Attracting birds can be a daunting task when first attempting to get into the hobby. For birdwatchers that are just starting out, especially in the Southeast and Midwest regions of the United States, one bird that can be easily attracted to your backyard is a Northern Cardinal. Although that doesn’t mean the cardinal can’t be spotted farther out west.

With a vibrant red coat of feathers, cardinals bring a welcome pop of color to your yard, even on the dreariest of days. Even though their bright coloration makes them easy to spot, their demeanor is quite the opposite.

Cardinals are known to be shy and may need some encouragement to come check out a new backyard establishment. The great news is that they are non-migratory birds which means they stay in one place all year round. Once cardinals have been attracted to an area, they will stay there as long as their needs are being met.

Attracting cardinals can be easy after learning more about what food they like and how they behave. Here are 6 factors to consider when attracting cardinals:

1. What do cardinals like to eat?

It’s important to remember that not all birds enjoy the exact same thing. What might be yummy to an oriole may not be as appealing to a cardinal. Cardinals have dense heavy duty beaks that were made for crushing thick shells on seeds and nuts. A lot of seeds like safflower, sunflower seeds, shelled peanuts and cracked corn are a safe bet. And if a tree or bush is in the area that produces berries, they will snack on these - and occasionally suet during chillier months.

Like most birds that have new food resources added to the area, it may take some time for cardinals to realize and become comfortable with the new addition. However, once they adjust to the new option, you should see more activity. If you struggle with larger bully birds like starlings or grackles, safflower is a great seed to offer as cardinals enjoy it while starlings and grackles don’t because of the harder shell. This will deter the more aggressive birds from cleaning out your bird feeders.

2. What feeders do cardinals like to use?

Even if all of a cardinal's favorite foods are available you may not see much activity around your birdfeeder. This can be because the feeder that is up now may not be the best style of feeder for cardinals. Cardinals are nervous by nature and can be deterred by feeders that are enclosed or cause them to stretch or twist their bodies.
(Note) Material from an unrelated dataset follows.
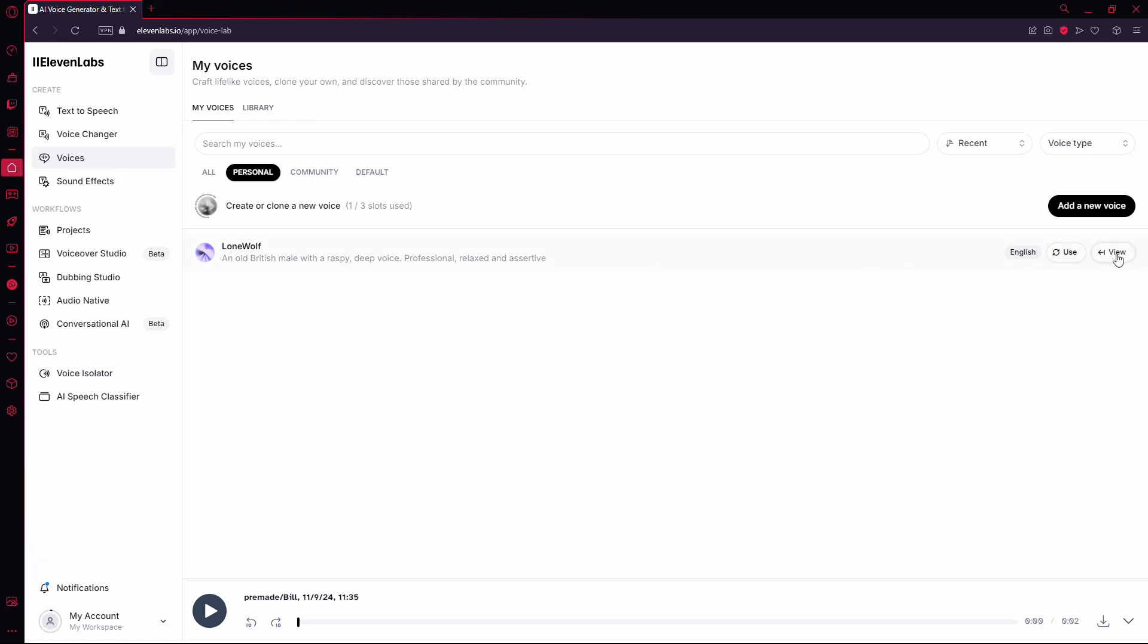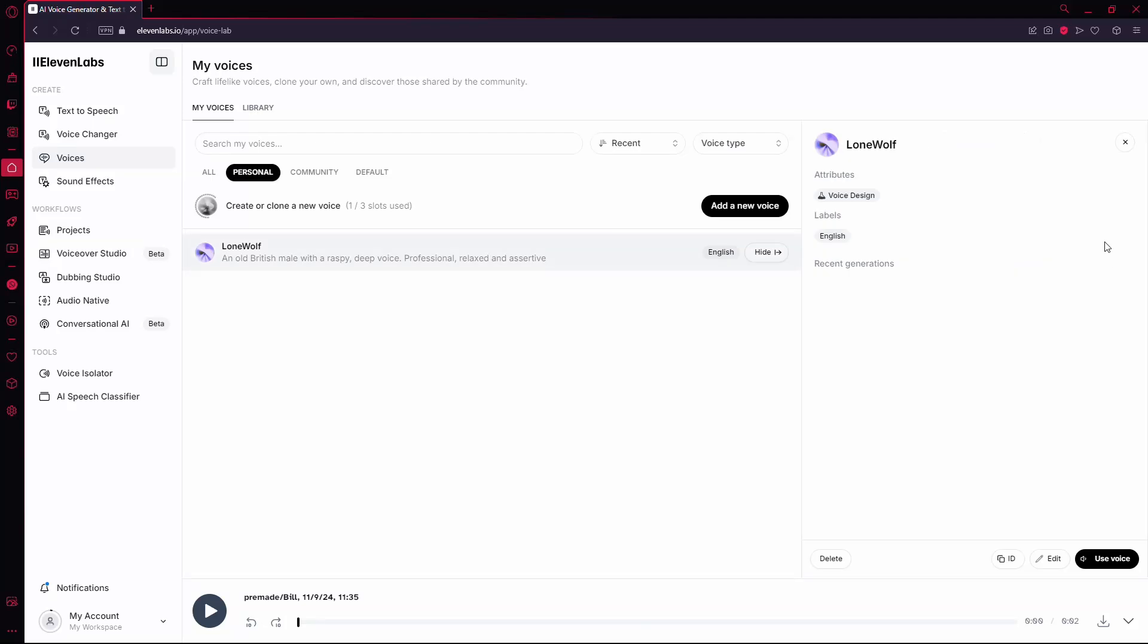locate the View button next to the specific voice you want to remove. Click on View and this will open up some additional options. Scroll to the bottom of the page where you'll see the Delete option.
The best style of feeders for cardinals are platform feeders, open tray feeders and hopper style feeders.

Providing feeders that allow for more space and for cardinals to eat facing forward will encourage these skittish birds to the feeder. Some examples of these feeders are the JCS Wildlife Fly Thru Feeder, Hanging Platform Feeder, or Poly Hopper Feeder.

Not only do they provide enough room for cardinals, they are very sturdy, which is important as cardinals are among the larger sized birds that will go to feeders. It is important to have a feeder that can support the weight of a cardinal so it doesn’t bounce around possibly startling the birds.


3. Where should a feeder be placed for cardinals?

Choosing the new dining spot for a cardinal feeder is just as important as what type of seed and feeder. Cardinals are very cautious birds that prefer to have some coverage nearby to their feeders. By having coverage nearby they can stay in the bushes to check to see if it is safe before flying out to a feeder.

Find a quiet spot in the yard to place feeders to encourage more interest. If other critters like squirrels or raccoons aren’t a problem in the area, feel free to scatter seed on the ground as cardinals will feed from the ground.

In addition to having a safe place to scope out feeders, cardinals enjoy areas to rest where they feel protected. Planting native plants in the area can help to provide shelter as well as a natural resource if fruit bearing trees or bushes are included in the habitat. They prefer having extra coverage instead of being out in the open. While it wouldn’t take your yard out of the running it may deter cardinals from visiting if they don’t feel comfortable.

4. Birds need water sources, too!

This doesn’t just go for cardinals but for all birds. An easy way to increase interest in your yard is to include a water source. Whether it is natural or man made, easy access to water helps to check off another box on a bird's basic needs list. If a natural water source, such as ponds, lakes, rivers or streams, aren’t available there’s no need to worry.

Birds will use the resources available to them. Providing a bird bath like the JCS Wildlife Low Profile Bird Bath or Pedestal Bath will help to attract the attention of plenty of feathered friends in the area.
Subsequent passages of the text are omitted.